Tunç şunları söyledi: “Narin evladımızla ilgili soruşturma devam ediyor. 21 Ağustos’ta Narin kızımız kaybolmuştu. 19 gün sonra cansız bedenine ulaşıldı. Sağ salim bulmak için yüzlerce insan seferber oldu ama acı bir olayla karşı karşıya kaldık, milletçe derinden üzüldük. Tabii Narin evladımızın bu şekilde hunharca katledilmesine neden olanlarla ilgili adli soruşturmanın, başından bu yana etkin bir şekilde devam ettiğini söyleyebiliriz.
‘Soruşturma gizli, birçok husus kamuoyuna yansımadı’
Burada özellikle soruşturma gizli, birçok husus kamuoyuna yansımadı. İfadeler kamuoyuna yansıyor çünkü ifadeler gizlilik kapsamında değil. Burada tabii o ifadelerden yola çıkarak herkes tahmin yürütmeye devam ediyor basın yayın kuruluşlarında. Bu anlamda özellikle soruşturmanın gizliliği esas ve bu soruşturmanın gizliliğine ve soruşturmanın selametine de etki etmemek lazım. Bu konuda hepimizin sorumlu davranması lazım. Tespit edilen adli tıp raporları, bulguları var. DNA bulguları var. Hem Narin kızımızdan elde edilen bulgular hem de o tespit edilen plakalı araçlardan elde edilen DNA’lar Van, Diyarbakır ve İstanbul adli tıp kurumlarında kriminal incelemeye tabi tutuldu. Tüm bu bulgular hepsi dosyada mevcut.
‘HTS kayıtları geriye dönük inceleniyor’
Tabii HTS kayıtları geriye dönük kim kiminle görüşüyor ve baz çakışmaları, kim hangi zamanda nerede kimlerle bulunmuş. Daraltılmış baz çakışması son zamanda şimdi yapılıyor. Tabii sonradan tespit edilen kameralar var. Bu kameralar toplandı. Bazı evlerde konulmuş kameralar tespit edildi. Bunlar TÜBİTAK incelemesine tabi tutuldu çünkü; orada ses ve görüntü incelemesi yapmak gerekiyor. O boğuk seslerin özellikle konuşmaların netleştirilmesi ile ilgili teknik bir çalışma yapılıyor. Tüm bunlar; ifadeler, 28 şüpheli var, 12’si cezaevinde tutuklu. Dolayısıyla hem onların ifadeleri, sonradan tekrar çelişkiler sonrasında yeniden ifadeler alınıyor.
‘Katiller en ağır cezaya çarptırılacak’
Tüm bunların hepsi değerlendirilecek. Bütün deliller, cumhuriyet savcılarımız tarafından etkin bir şekilde değerlendirilecek ve sonunda bir iddianame ortaya çıkacak. Narin evladımızın katilleri de yargı huzuruna çıkarılıp Türk Ceza Kanunu’ndaki en ağır cezaya çarptırılacaklar. Bu konuda milletimizin herhangi bir şüphesi olmasın, etkin bir şekilde soruşturma devam ediyor. Hatta bir ara yayın yasağı alındı. Bazı eleştiriler oldu, ‘Acaba ne gizleniyor’ gibi. Yayın yasağının kaldırılması demek, her şeyi olur olmaz bazı ifadelerle, soruşturmayı yanlış yöne sevk edecek şeylerden de kaçınmak lazım.”

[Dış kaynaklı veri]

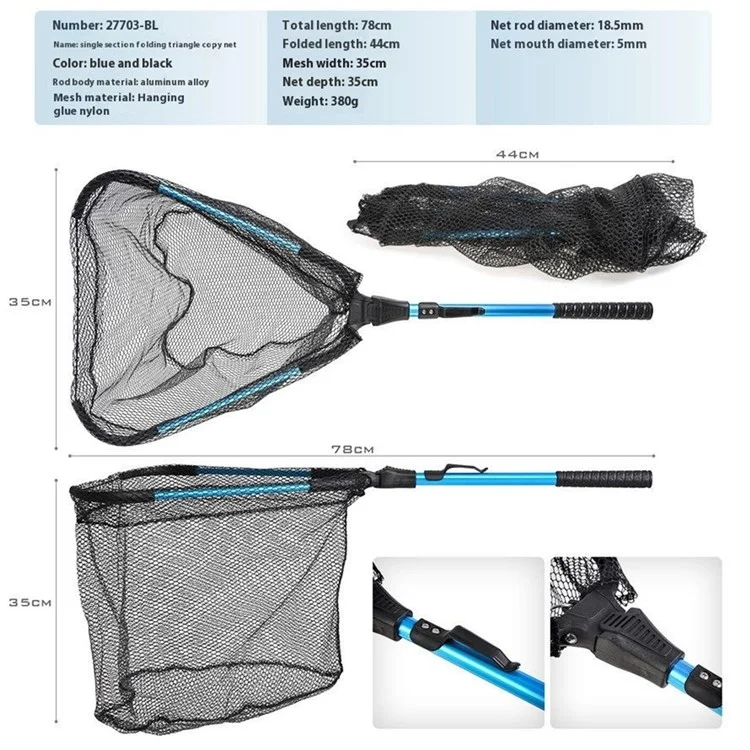 LEO 27703 Foldable Anti-Snag Triangle Mesh Portable Fishing Net with Aluminum Alloy Rod - Red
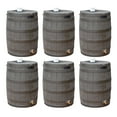 thumbnail image 1 of Good Ideas Rain Wizard 50 Gal Plastic Rain Barrel Water Collector, Oak (6 Pack), 1 of 8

‘Sonraki süreçte bazı suçlar bakımından denetimli serbestlik olmayabilir’
Tunç Kovid-19 salgını döneminde denetimli serbestlik uygulamasının genişletildiğini hatırlatan bir muhabire şu yanıtı verdi: “Bundan sonraki süreçte bazı suçlar bakımından denetimli serbestlik olmayabilir, bu tartışılabilir. Yine cezası az olan suçlarda, yatarının olmaması nedeniyle toplumda bir infial uyanıyor ve ‘yapanın yanına kar kaldı’ algısı oluşuyor. Bunu ortadan kaldırmanın yolu basit suçlarda denetimli serbestliğin uygulanabilmesi için belli bir süre cezaevinde kalma şartı getirilebilir. Bunla ilgili taslak çalışmalarımızı daha önce TBMM’ye sunmuştuk.”

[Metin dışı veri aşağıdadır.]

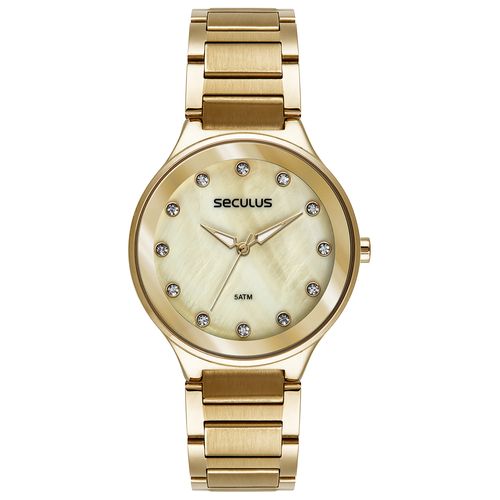 Relógio Feminino Madrepérola Cristais Dourado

‘Hatalı kararlar da olabilir ama o hemen itirazla düzeltilebiliyor’
Yargı mensuplarının tutuklamayı gerektiren somut bir delil varsa bundan kaçınmayacağını belirten Tunç şunları söyledi: “İstisnai, hatalı kararlar da olabilir ama o hemen itirazla düzeltilebiliyor. Gerek müşteki itiraz ediyor, gerekse tutuklandıysa sanık tarafı itiraz ediyor. Dolayısıyla itiraz imkanı da var. O itiraz süreci değerlendirilmeden basına yansıyor. Eskiden infial oluşturma, tutuklama sebebiydi. 2 yılın altındaki suçlar bakımından tutuklama yasağı getirilmişti. Sonra beden bütünlüğüne yönelik saldırılar yasak kapsamından çıkarıldı ama suç işlendiği anda etkin bir mücadele bekliyor insanlar. Yani 3-4 yıl sürdükten sonra ceza almasından ziyade olayın sıcağıyla o kişiye bir yaptırım uygulanmasını istiyor. Bu konuda hepsini çalışacağız. Yargı reformu belgeleri kapsamında da önerilerimiz olacak. Daha etkin bir yargılama sistemi, gecikmeden sonuca ulaşma konularında epeyce önerimiz var. Bir yıldan bu yana çalışıyoruz, Yargı Reformu Strateji Belgesi’yle ilgili olarak. O belgedeki hedefler doğrultusunda yasa gerektirenleri Meclisimizin huzuruna getireceğiz inşallah.”